» THE RECORDS
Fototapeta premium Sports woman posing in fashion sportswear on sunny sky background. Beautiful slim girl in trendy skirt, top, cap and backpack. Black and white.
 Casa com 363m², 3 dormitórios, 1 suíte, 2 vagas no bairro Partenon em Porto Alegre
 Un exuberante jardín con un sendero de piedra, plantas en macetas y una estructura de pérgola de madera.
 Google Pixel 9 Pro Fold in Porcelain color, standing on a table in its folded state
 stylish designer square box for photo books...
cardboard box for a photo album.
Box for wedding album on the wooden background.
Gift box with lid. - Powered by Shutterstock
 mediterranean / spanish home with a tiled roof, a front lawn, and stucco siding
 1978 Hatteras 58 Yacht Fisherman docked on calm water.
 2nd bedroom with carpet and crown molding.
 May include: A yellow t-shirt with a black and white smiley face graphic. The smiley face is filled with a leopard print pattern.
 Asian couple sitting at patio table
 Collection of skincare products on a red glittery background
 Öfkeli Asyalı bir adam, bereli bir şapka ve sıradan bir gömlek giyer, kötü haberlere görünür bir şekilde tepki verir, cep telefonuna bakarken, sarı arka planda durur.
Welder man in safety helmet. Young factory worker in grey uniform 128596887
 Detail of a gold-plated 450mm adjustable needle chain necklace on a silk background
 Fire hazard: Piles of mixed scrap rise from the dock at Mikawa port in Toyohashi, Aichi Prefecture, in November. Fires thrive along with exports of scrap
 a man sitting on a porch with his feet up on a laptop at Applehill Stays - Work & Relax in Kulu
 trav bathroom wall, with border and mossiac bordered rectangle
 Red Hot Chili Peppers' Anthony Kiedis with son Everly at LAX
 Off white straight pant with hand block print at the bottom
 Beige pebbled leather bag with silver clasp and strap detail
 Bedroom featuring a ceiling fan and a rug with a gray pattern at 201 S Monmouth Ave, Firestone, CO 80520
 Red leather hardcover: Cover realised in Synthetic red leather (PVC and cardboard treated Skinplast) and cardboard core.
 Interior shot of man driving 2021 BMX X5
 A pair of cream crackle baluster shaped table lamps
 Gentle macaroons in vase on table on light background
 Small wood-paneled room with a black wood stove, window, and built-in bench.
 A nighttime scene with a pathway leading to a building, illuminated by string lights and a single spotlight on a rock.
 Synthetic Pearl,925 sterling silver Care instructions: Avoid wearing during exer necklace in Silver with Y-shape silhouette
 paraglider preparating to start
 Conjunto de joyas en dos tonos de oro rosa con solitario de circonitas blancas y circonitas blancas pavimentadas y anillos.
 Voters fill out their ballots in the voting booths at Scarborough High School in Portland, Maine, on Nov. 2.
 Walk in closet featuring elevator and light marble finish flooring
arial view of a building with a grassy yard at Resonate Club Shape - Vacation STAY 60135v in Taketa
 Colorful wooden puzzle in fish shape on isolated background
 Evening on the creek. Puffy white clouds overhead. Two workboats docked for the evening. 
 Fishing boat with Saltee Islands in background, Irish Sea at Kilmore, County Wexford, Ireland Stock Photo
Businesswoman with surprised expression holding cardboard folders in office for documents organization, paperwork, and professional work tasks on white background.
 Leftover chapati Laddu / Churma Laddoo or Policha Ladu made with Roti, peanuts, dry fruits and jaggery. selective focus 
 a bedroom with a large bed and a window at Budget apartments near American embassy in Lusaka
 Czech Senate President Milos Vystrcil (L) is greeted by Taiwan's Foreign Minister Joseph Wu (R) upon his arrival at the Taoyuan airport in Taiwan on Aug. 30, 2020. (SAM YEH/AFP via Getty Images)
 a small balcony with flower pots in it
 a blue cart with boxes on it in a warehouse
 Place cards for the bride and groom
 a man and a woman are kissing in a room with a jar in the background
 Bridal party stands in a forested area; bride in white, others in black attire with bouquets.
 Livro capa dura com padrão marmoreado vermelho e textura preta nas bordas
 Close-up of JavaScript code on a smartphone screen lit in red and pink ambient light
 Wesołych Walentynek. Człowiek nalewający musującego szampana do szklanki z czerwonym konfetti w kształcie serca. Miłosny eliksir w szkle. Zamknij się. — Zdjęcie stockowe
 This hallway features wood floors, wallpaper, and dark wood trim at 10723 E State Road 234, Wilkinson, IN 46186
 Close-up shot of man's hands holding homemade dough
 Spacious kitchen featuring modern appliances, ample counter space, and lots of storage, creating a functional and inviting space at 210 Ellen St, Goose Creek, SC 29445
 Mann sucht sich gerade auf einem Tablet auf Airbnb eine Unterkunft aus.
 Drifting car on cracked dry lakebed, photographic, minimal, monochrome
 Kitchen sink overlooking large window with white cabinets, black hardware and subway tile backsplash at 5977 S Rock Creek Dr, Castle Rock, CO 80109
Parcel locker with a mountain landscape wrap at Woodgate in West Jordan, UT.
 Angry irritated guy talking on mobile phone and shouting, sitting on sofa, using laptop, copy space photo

» PROBLEM TO SOLVE
Go through the records. Copy each line where "leather" appears.

» EXERCISE RESPONSE
 Beige pebbled leather bag with silver clasp and strap detail
 Red leather hardcover: Cover realised in Synthetic red leather (PVC and cardboard treated Skinplast) and cardboard core.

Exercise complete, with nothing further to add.